With the slash I invented a formula that I don’t think can be further perfected. I managed with this formula to give the spectator an impression of spatial calm, of cosmic rigor, of serenity in infinity…’ — Lucio Fontana

Lucio Fontana’s Tagli – his slashed canvases – revolutionised not just his own artistic career in the late 1950s, as they marked the peak and pinnacle of his conceptual journey; they also marked an important shift in twentieth century art historical discourse, as subversive works combatting long-standing principles of pictorial flatness. An inherently iconoclastic gesture, the slashing of canvases indeed signalled a clear desire to break with representational norms.

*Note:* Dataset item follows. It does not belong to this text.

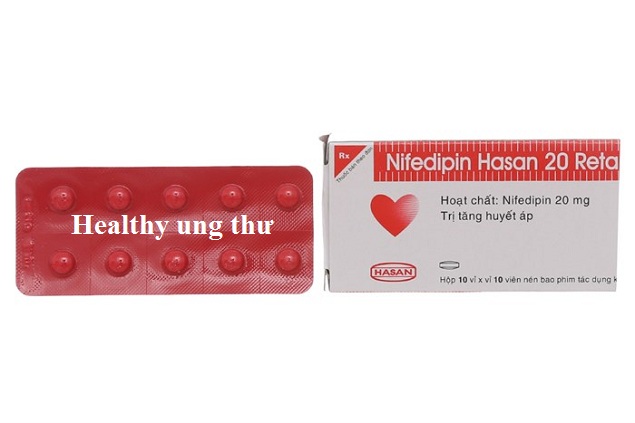 Thuốc Nifedipine điều trị tăng huyết áp (4)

Created between 1959 and Fontana’s death in 1968, the Tagli paintings all underwent a meticulous method of deconstruction. The canvases were first soaked in the artist’s chosen monochromatic pigment, only to be immediately sliced in one clear motion with a Stanley knife. Manipulating his canvases through the addition of colour and the simultaneous disruption of fabric, Fontana bent traditional tenets of painting and objecthood, in some ways merging both, and exploring, by the same token, the very notions of space and materiality.

Examples of the Concetto spaziale, Attese series can be found in the best public and private modern art collections worldwide, including The Solomon R. Guggenheim Museum, New York, Kunstmuseum Basel, and The National Museum of Art, Tokyo.